1. Queen Mary University of London, Institute of Cell and Molecular Science, London, UK
2. National Reference Center for Viral Hepatitis B, C, and D, Department of Virology, Hôpital Henri Mondor, Université Paris-Est, Créteil, France
3. INSERM U955, Créteil, France *Correspondence to g.r.foster@qmul.ac.uk
**Correspondence to jean-michel.pawlotsky@hmn.aphp.fr

Disclosure: Graham Foster has received funding from AbbVie, Gilead Sciences, Roche, Merck, Janssen, Idenix, Novartis, and GSK. Jean-Michel Pawlotsky has received research grants from Gilead Sciences and has served as an advisor for Abbott, AbbVie, Achillion, Boehringer-Ingelheim, Bristol-Myers Squibb, Gilead Sciences, Idenix, Janssen, Merck, Novartis, and Roche.
Support: The authors would like to thank Dr Caroline Charles for medical writing assistance with this manuscript.
Received: 04.07.14  Accepted: 05.08.14
Citation: EMJ Hepatol. 2014;1(Suppl 1):2-15.

Abstract

The main objective of chronic hepatitis C virus (HCV) management is to provide high viral eradication rates with acceptable toxicity.

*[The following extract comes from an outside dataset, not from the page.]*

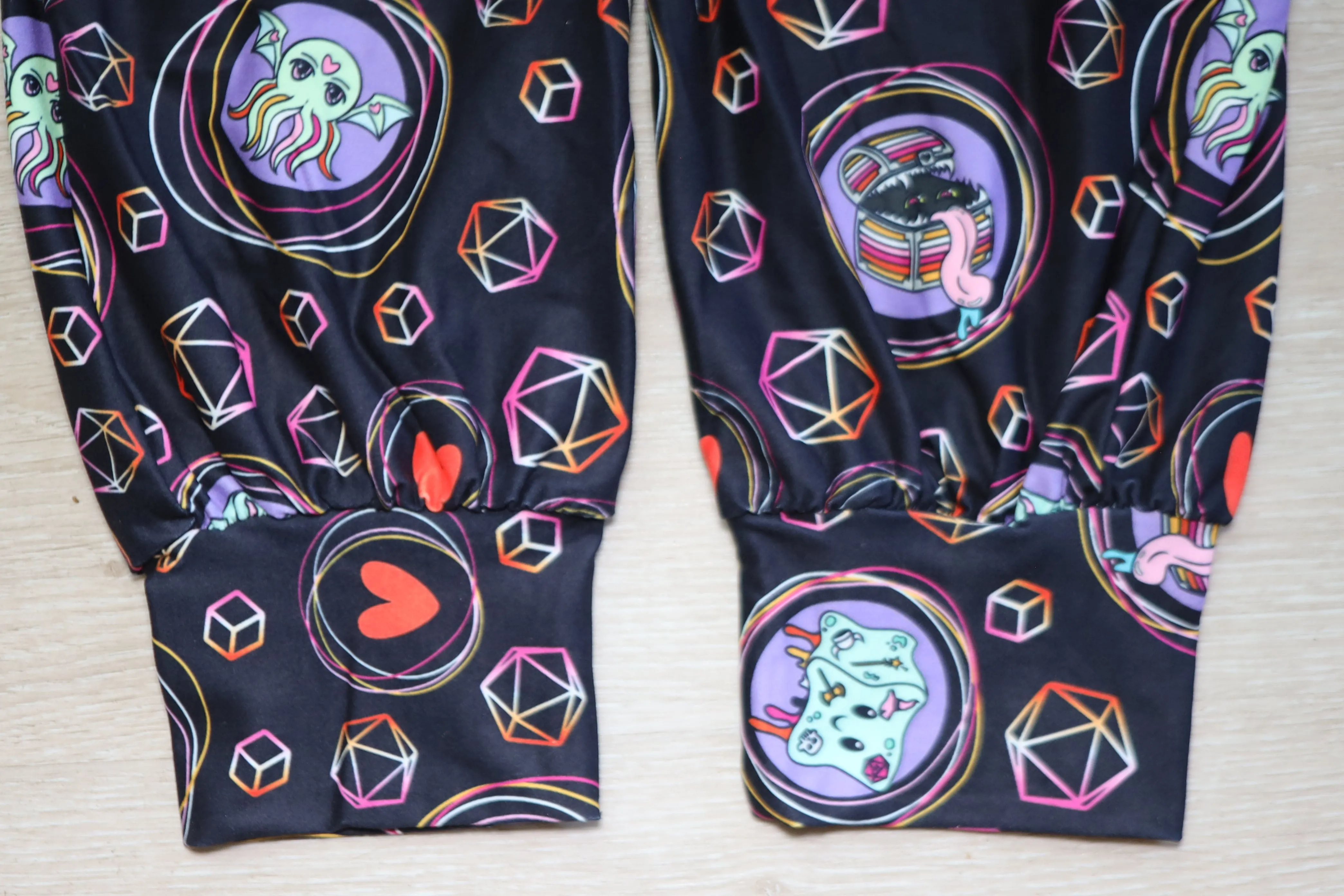 Pride Joggers Lesbian - SIZE: L/XL (Large/XLarge)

The new era of direct-acting antivirals (DAAs) has considerably changed the standard of care, and each main congress provides new and insightful information. Very encouraging clinical data on interferon and ribavirin-free combinations with oral DAAs were recently made available, and comprise over 90%, and up to 100%, of infection cure rates for treatment-naïve patients; consistent results can also be observed across many difficult-to-cure subpopulations such as patients with advanced liver disease, HIV-coinfected patients, and patients in the post-liver transplant setting, which could, therefore, no longer be considered as difficult-to-cure populations. This review will summarise the highlights of the 2014 International Liver Congress that took place from 9th-13th April in London, UK, and will provide an outlook on the future of HCV treatment.